М.-Г.Курбангалиев, впрочем, как и А.Валидов, не смогли увидеть границы той истины, которую каждый из них твердо отстаивал, не смогли нащупать возможность взаимодополнения территориальной и экстерриториальной форм автономии. Хотя в ходе Сибирского похода Курбангалиев намного ближе стал к позиции Валидова, чем в1917 году.

И можно утверждать, взгляды М.-Г.Курбангалиева, развитые им до крайности, и теоретические положения в национальном строительстве И.Сталина во многом были ущербно близки. Как известно, в 1922 году Сталин, в виду его догматической ограниченности, выступал против федеративного построения будущего союза советских республик, на чем настаивал Ленин. Сталин предлагал свой план, крайне урезавший права советских республик, фактически делавших их автономиями в составе РСФСР.

Курбангалиев также отстаивал сохранение вотчинных прав башкир на землю. Габидулла-ишан и Мухаммед-Габдулхай очень жестко выступали против стремления татар возглавить мусульманское движение.

Лидеры татарского национального движения образовали Центральное Национальное управление мусульман Внутренней России и Сибири и всячески стремились к его утверждению в качестве единственного центра тюрко-татар. Курбангалиев был противником этого.

Мухаммед-Габдулхай особенно яростно выступал за защиту религии и за образование самостоятельного Главного Духовного управления для Башкортостана, свободного от влияния татар. Имам пользовался большим влиянием среди аргаяшских башкир и потому 2 октября 1918 года на съезде Башкирского духовного управления Мухаммед-Габдулхай Курбангалиев был утвержден кантонным казыем Аргаяшского кантона. И в это же время его брат, Харун Курбангалиев, возглавил Мухамет-Кулуевскую волостную управу. Мухаммед-Габдулхай в этот период проявляет неутомимость, удивительную энергию, огромную организаторскую волю, стремясь сплотить башкир вокруг себя. Он объявляет о создании Комитета по распространению гражданства и свободы среди мусульман пяти башкирских волостей Челябинского уезда, выезжает в соседний Шадринский уезд, выступает там, в башкирских деревнях, со своей программой.
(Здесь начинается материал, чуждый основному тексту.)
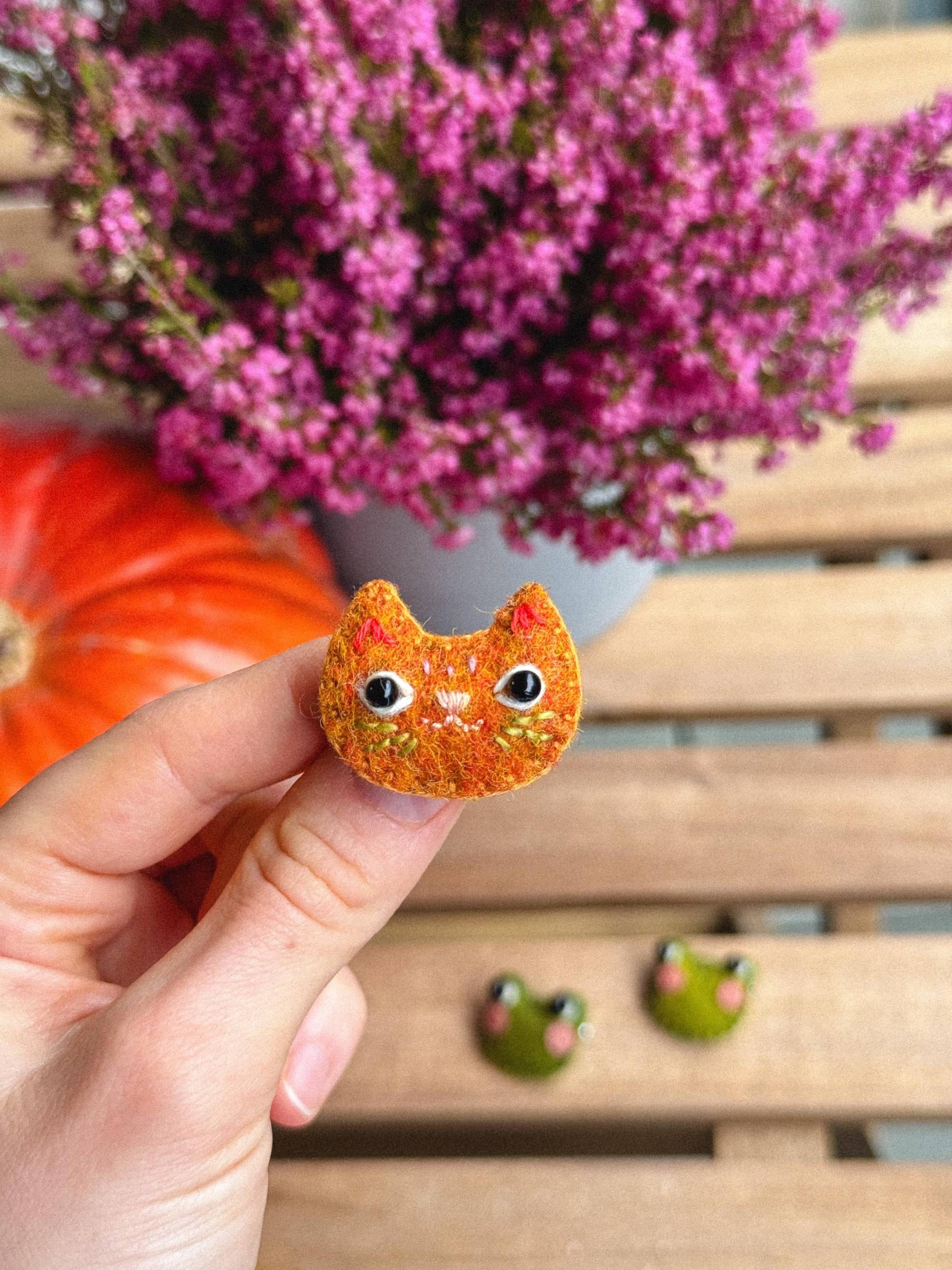 Süße Filz Brosche, Katze Oder Frosch, Handgemachte Wolle Tier Pin, Cottagecore Geschenk, Kawaii Jacke Anstecknadel Süße Filz Brosche, Katze Oder Frosch, Handgemachte Wolle Tier Pin, Cottagecore Geschenk, Kawaii Jacke Anstecknadel von LizaKwakKnits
Можно только поразиться насколько раскрылись способности 29-летнего Мухаммед-Габдулхая в этот период. Впрочем, как и всех деятелей башкирского национального движения, большинство которых не достигло даже тридцати лет. Действительно, это время можно назвать временем расцвета, когда молодая башкирская элита поднялась во весь рост, удивив остальной мир...

31 октября 1918 года М.-Г.Курбангалиев, И.Гадильшин, С.Ахмеджанов и Ш.Фахрисламов, как уполномоченные башкирских волостей Челябинского уезда, написали прошение в адрес министра внутренних дел Сибирского правительства: «Особо желательно образование самостоятельного духовного управления, чтобы выйти из подчинения татарскому магометанскому управлению, так как это было одним из источников татарского засилья над башкирами...»
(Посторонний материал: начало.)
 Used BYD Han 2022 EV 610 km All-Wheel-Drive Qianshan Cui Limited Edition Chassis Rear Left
Ища поддержку в осуществлении этих планов, с данным прошением уполномоченные поездом выехали в Омск. Однако к этому времени в Омске не было ни министра, ни дееспособного правительства. Письмо у уполномоченных чиновник в правительственной канцелярии принял с обещанием непременно передать, однако последовавшие затем события, связанные с переворотом 18 ноября и приходом к власти адмирала А.В.Колчака, затянули рассмотрение прошения. И поэтому пришлось задержаться в Омске. Необходимо отметить, что Курбангалиев полностью поддержал приход к власти Верховного правителя А.В.Колчака.

И уже 4 декабря в роскошном особняке купца Батюшкова на улице Береговой, 9, сейчас занятом под резиденцию адмирала, Курбангалиева принял верховный правитель Колчак. Ожидая приглашения, в приемной, он то и дело слышал от возбужденных офицеров, от исполненных радостью от назначения колчаковских министров:

– Господа, да мы уже к Пасхе, с Божьей помощью и при поддержке союзников под колокольный звон войдем в Москву...

– Разгоним эту мужичью Совдепию...

– Будем на фонарях вешать господ большевичков...

Предупредительный и вышколенный адъютант ввел Курбангалиева в кабинет. Пол блистал начищенным паркетом, кабинет был уставлен гамбсовской мебелью, сверху свешивалась большая хрустальная люстра, все великолепие обстановки отражалось в громадном зеркале. Колчак был в парадной адмиральской форме. Держался он весьма уверенно, был решителен в словах и в действиях, быстро входя в роль Верховного правителя.Не только у его окружения, но, и у адмирала было приподнятое настроение.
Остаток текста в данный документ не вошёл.